■ **ABOUT THIS TASK**
Without the pictures, give every record again exactly.

====== MATERIAL PROVIDED ======

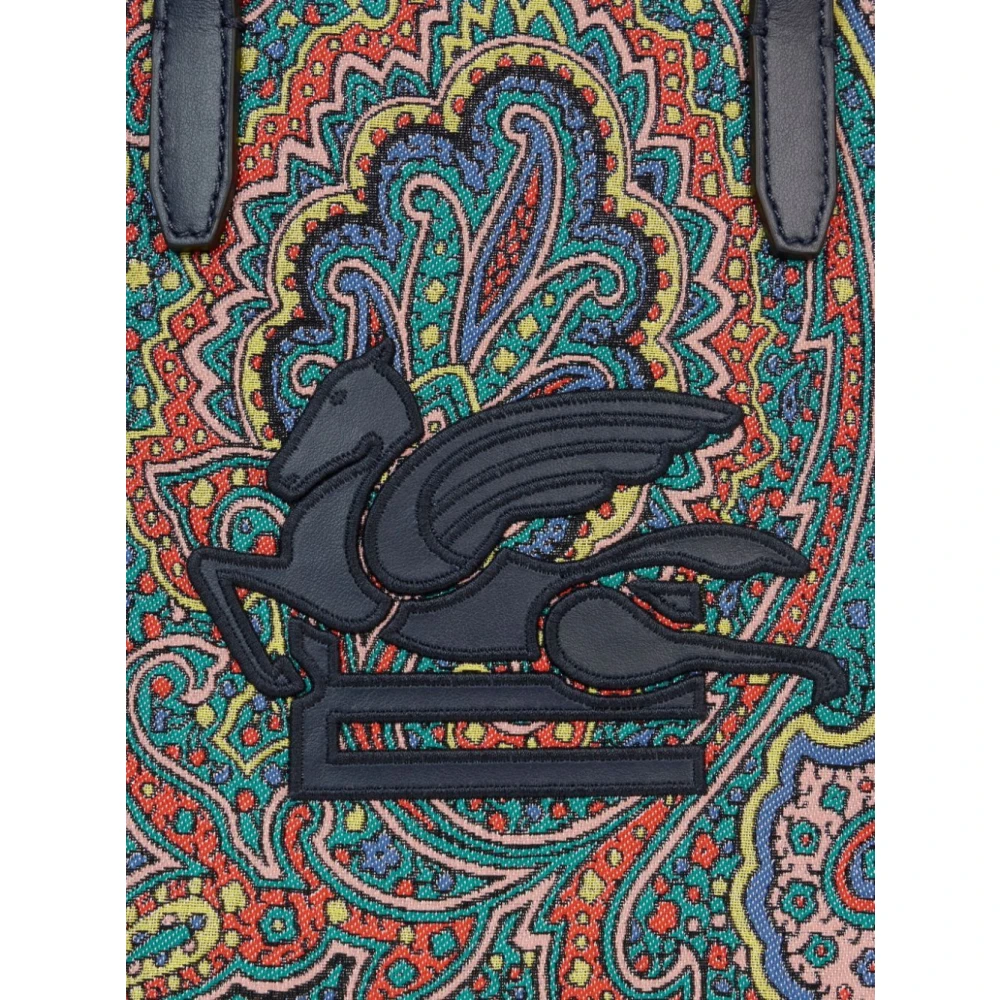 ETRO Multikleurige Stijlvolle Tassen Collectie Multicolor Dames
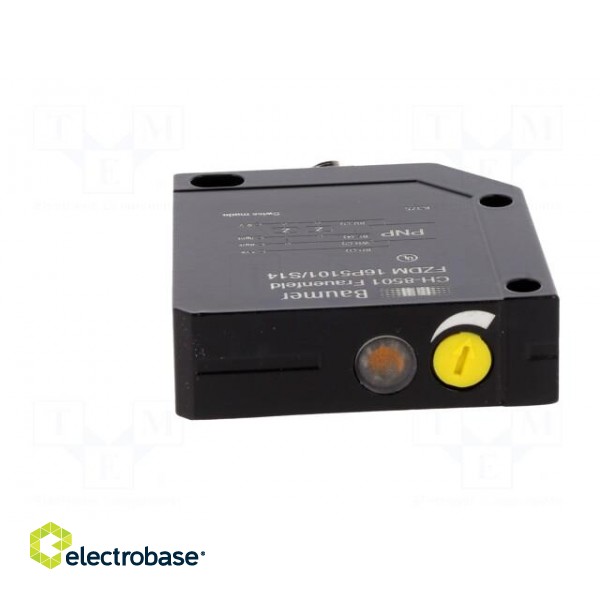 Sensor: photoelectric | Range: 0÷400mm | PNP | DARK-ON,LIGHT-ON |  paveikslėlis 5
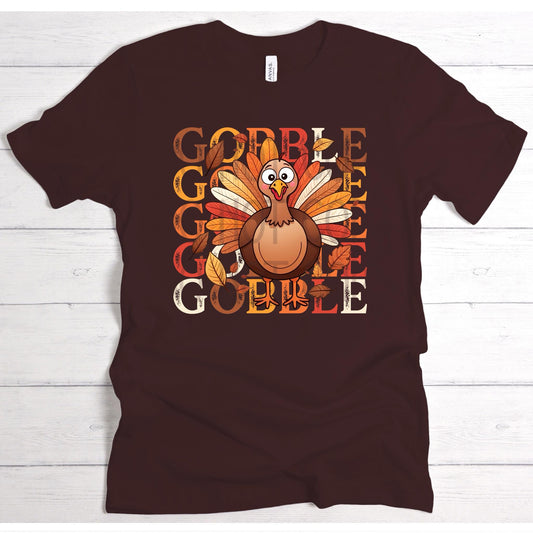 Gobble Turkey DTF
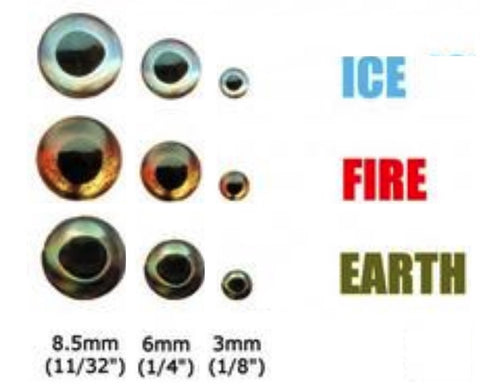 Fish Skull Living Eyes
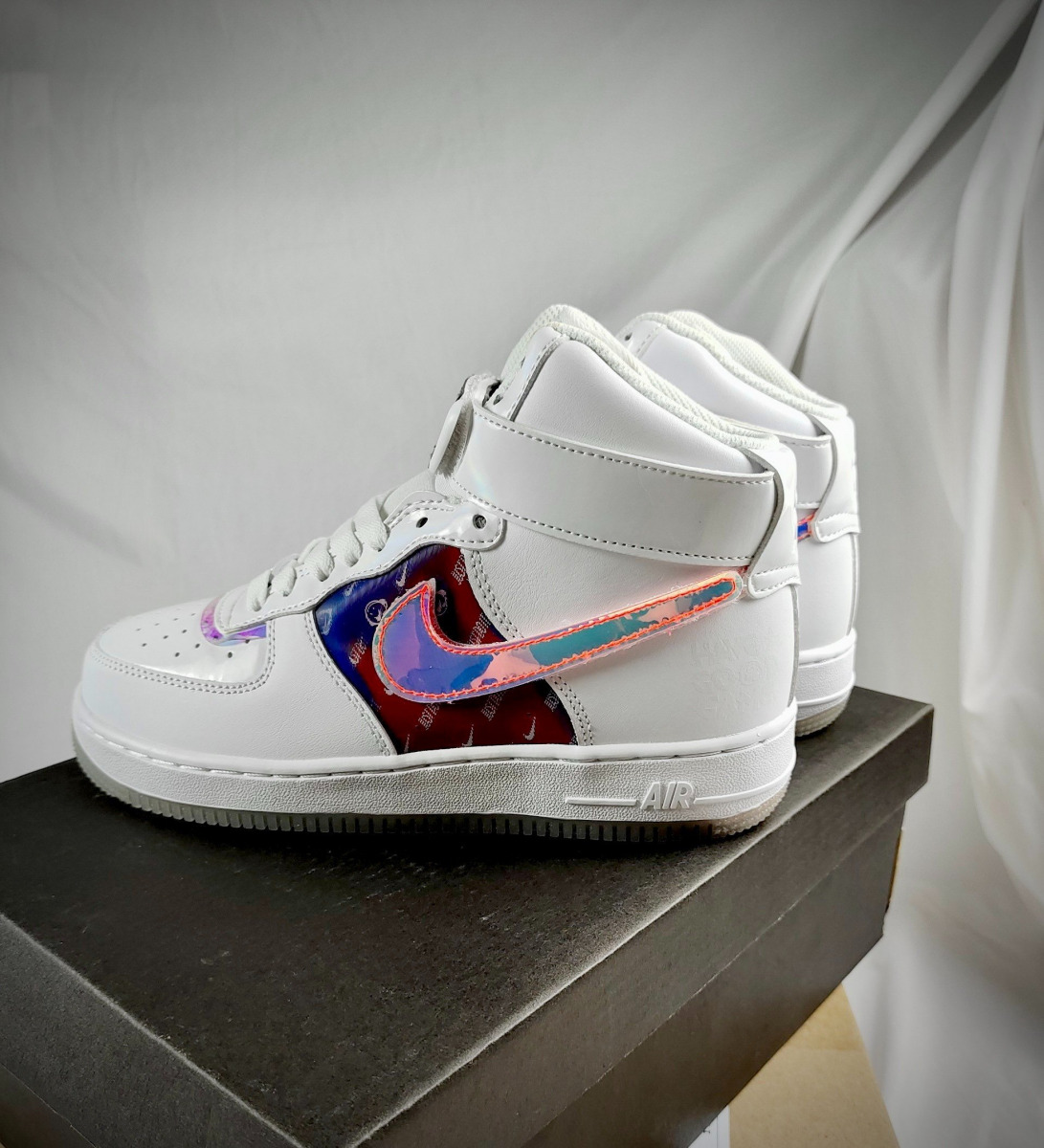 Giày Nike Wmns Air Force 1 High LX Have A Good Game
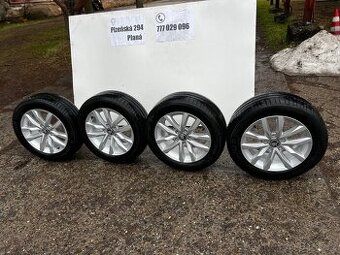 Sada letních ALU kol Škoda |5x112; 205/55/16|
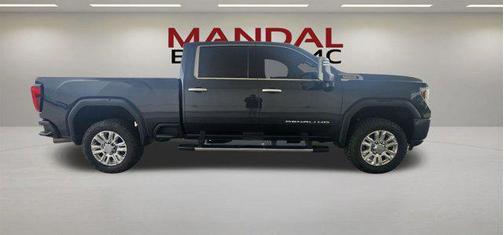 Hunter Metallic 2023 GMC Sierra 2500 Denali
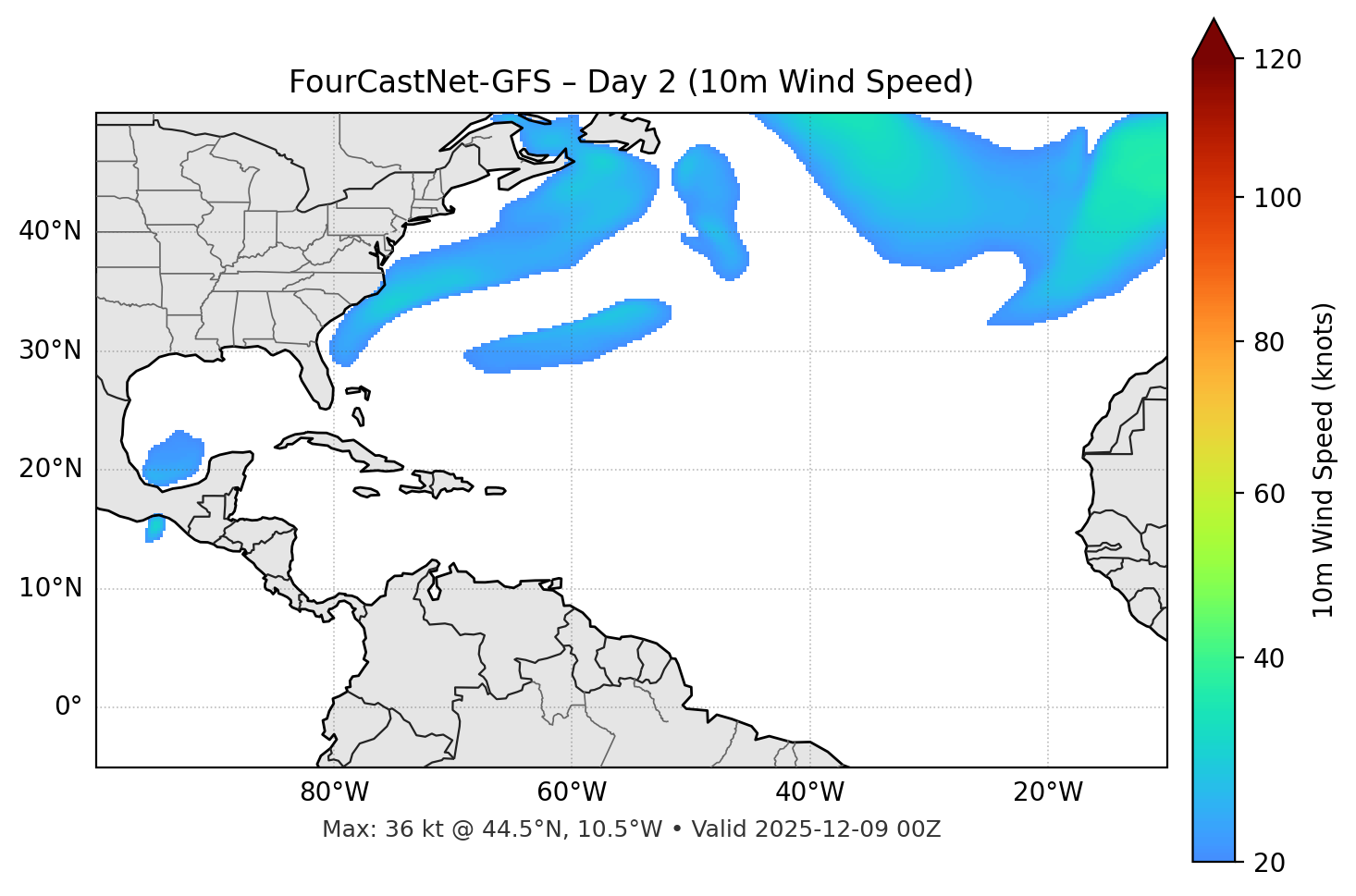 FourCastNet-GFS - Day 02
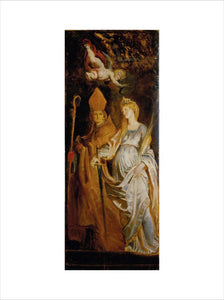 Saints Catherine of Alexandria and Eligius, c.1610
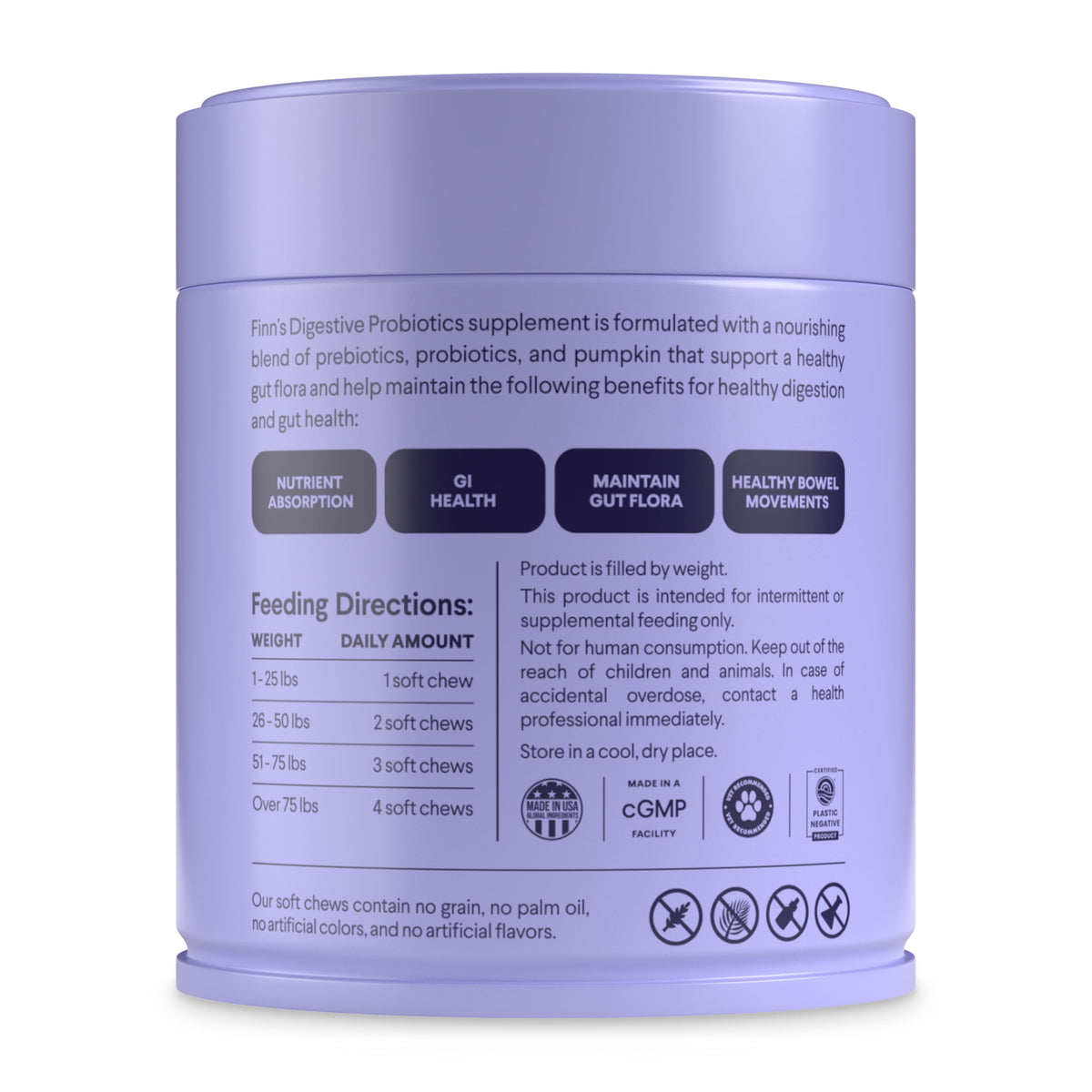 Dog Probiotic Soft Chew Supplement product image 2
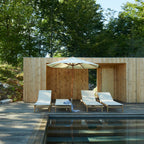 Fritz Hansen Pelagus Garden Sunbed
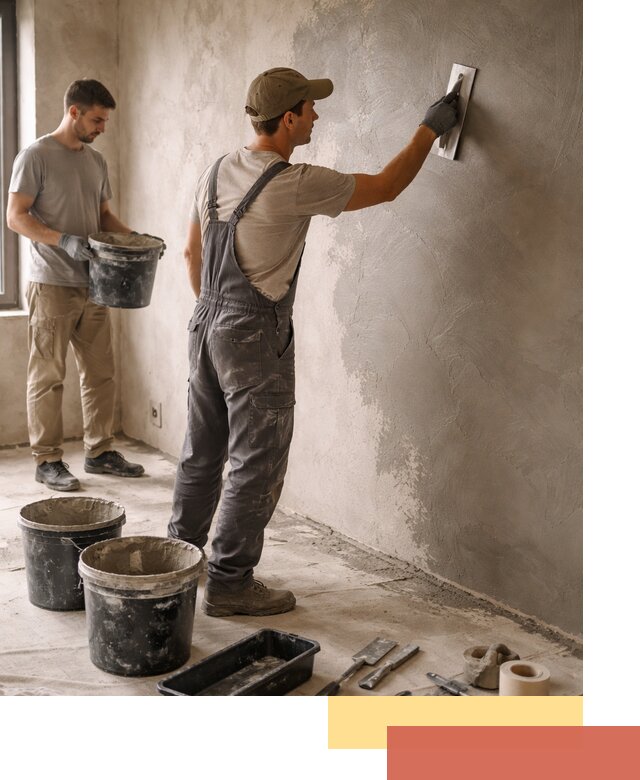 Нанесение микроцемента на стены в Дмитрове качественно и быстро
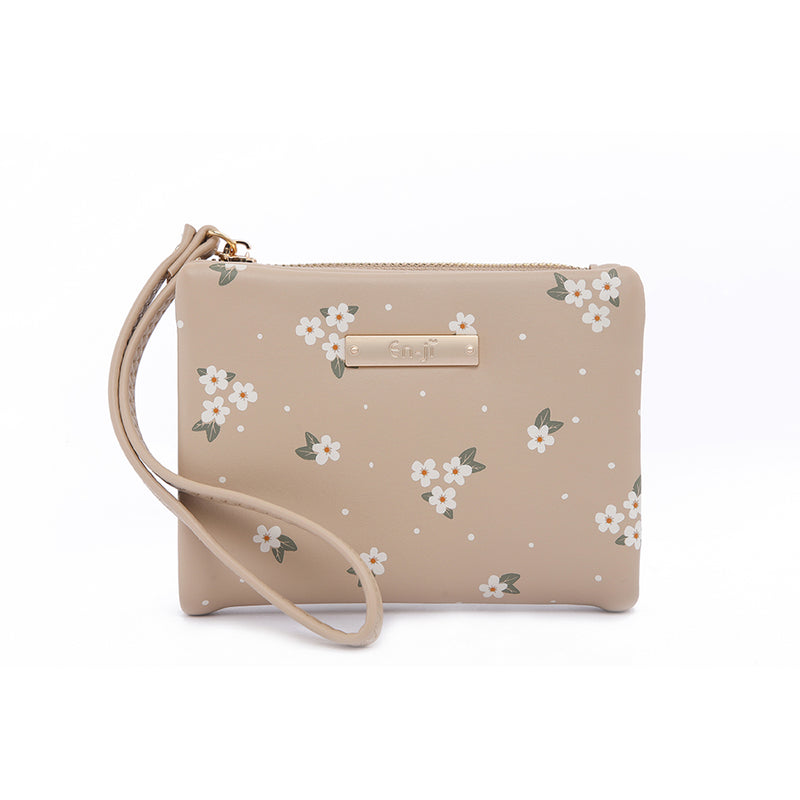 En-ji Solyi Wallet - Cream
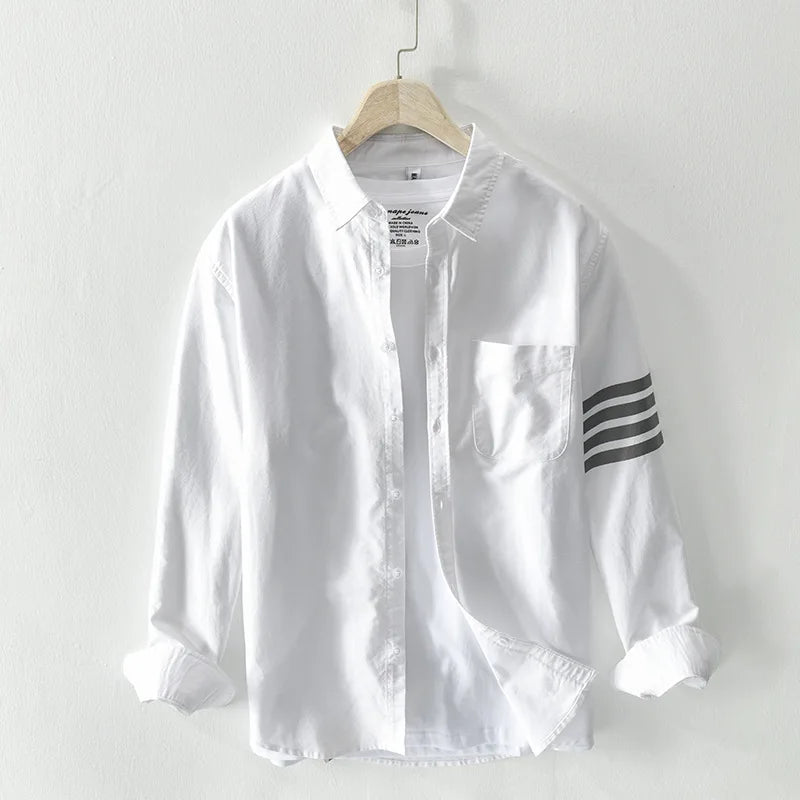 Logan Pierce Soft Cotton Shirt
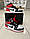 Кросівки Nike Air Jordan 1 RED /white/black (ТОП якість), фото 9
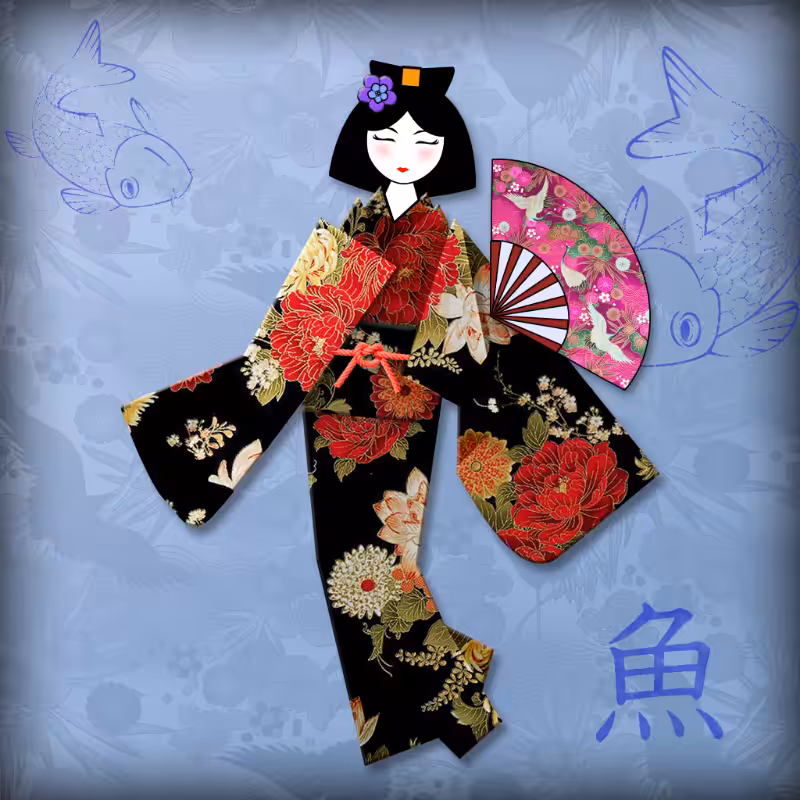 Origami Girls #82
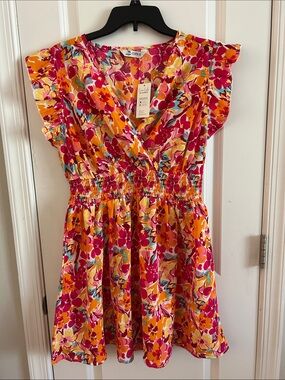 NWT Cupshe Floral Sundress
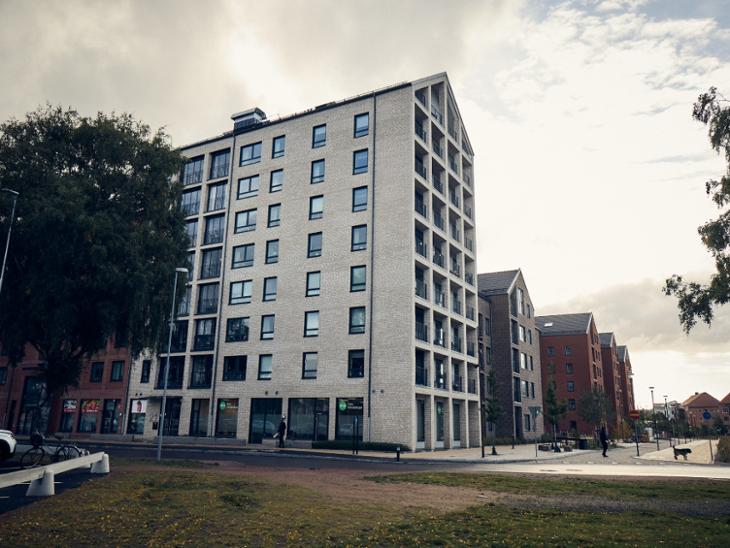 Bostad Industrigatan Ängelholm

======

■ **FINISHED EXERCISE**
 ETRO Multikleurige Stijlvolle Tassen Collectie Multicolor Dames
 Sensor: photoelectric | Range: 0÷400mm | PNP | DARK-ON,LIGHT-ON |  paveikslėlis 5
 Gobble Turkey DTF
 Fish Skull Living Eyes
 Giày Nike Wmns Air Force 1 High LX Have A Good Game
 Sada letních ALU kol Škoda |5x112; 205/55/16|
 Hunter Metallic 2023 GMC Sierra 2500 Denali
 FourCastNet-GFS - Day 02
 Saints Catherine of Alexandria and Eligius, c.1610
 Dog Probiotic Soft Chew Supplement product image 2
 Fritz Hansen Pelagus Garden Sunbed
 Нанесение микроцемента на стены в Дмитрове качественно и быстро
 En-ji Solyi Wallet - Cream
 Logan Pierce Soft Cotton Shirt
 Кросівки Nike Air Jordan 1 RED /white/black (ТОП якість), фото 9
 Origami Girls #82
 NWT Cupshe Floral Sundress
 Bostad Industrigatan Ängelholm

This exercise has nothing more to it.